> Your assignment
Your output must consist solely of the lines from the one containing "Eco friendly sea" through the end of the records, reproduced exactly.

(Caption-style text data)
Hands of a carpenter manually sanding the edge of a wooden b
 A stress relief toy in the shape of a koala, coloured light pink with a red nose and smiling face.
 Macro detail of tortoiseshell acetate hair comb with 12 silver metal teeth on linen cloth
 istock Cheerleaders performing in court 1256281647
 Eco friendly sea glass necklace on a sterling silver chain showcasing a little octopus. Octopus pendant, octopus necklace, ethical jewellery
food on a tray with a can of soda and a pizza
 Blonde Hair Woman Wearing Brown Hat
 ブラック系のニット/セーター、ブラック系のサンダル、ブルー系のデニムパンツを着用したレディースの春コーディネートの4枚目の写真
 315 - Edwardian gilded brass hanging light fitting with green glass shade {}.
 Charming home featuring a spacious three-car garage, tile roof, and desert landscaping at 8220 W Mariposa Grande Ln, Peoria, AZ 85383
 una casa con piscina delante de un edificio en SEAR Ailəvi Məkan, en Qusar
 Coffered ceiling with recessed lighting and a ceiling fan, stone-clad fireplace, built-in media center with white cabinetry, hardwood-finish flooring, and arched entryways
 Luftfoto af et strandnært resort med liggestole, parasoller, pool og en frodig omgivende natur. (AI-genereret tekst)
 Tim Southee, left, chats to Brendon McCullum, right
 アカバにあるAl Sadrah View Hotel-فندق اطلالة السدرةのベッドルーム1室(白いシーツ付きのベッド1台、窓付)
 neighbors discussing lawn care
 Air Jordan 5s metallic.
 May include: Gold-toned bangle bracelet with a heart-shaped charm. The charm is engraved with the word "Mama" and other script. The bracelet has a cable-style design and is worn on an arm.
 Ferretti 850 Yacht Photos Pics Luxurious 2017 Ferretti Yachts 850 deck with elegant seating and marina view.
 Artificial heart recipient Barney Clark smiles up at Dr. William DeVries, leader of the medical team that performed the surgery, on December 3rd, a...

> Output
 Eco friendly sea glass necklace on a sterling silver chain showcasing a little octopus. Octopus pendant, octopus necklace, ethical jewellery
food on a tray with a can of soda and a pizza
 Blonde Hair Woman Wearing Brown Hat
 ブラック系のニット/セーター、ブラック系のサンダル、ブルー系のデニムパンツを着用したレディースの春コーディネートの4枚目の写真
 315 - Edwardian gilded brass hanging light fitting with green glass shade {}.
 Charming home featuring a spacious three-car garage, tile roof, and desert landscaping at 8220 W Mariposa Grande Ln, Peoria, AZ 85383
 una casa con piscina delante de un edificio en SEAR Ailəvi Məkan, en Qusar
 Coffered ceiling with recessed lighting and a ceiling fan, stone-clad fireplace, built-in media center with white cabinetry, hardwood-finish flooring, and arched entryways
 Luftfoto af et strandnært resort med liggestole, parasoller, pool og en frodig omgivende natur. (AI-genereret tekst)
 Tim Southee, left, chats to Brendon McCullum, right
 アカバにあるAl Sadrah View Hotel-فندق اطلالة السدرةのベッドルーム1室(白いシーツ付きのベッド1台、窓付)
 neighbors discussing lawn care
 Air Jordan 5s metallic.
 May include: Gold-toned bangle bracelet with a heart-shaped charm. The charm is engraved with the word "Mama" and other script. The bracelet has a cable-style design and is worn on an arm.
 Ferretti 850 Yacht Photos Pics Luxurious 2017 Ferretti Yachts 850 deck with elegant seating and marina view.
 Artificial heart recipient Barney Clark smiles up at Dr. William DeVries, leader of the medical team that performed the surgery, on December 3rd, a...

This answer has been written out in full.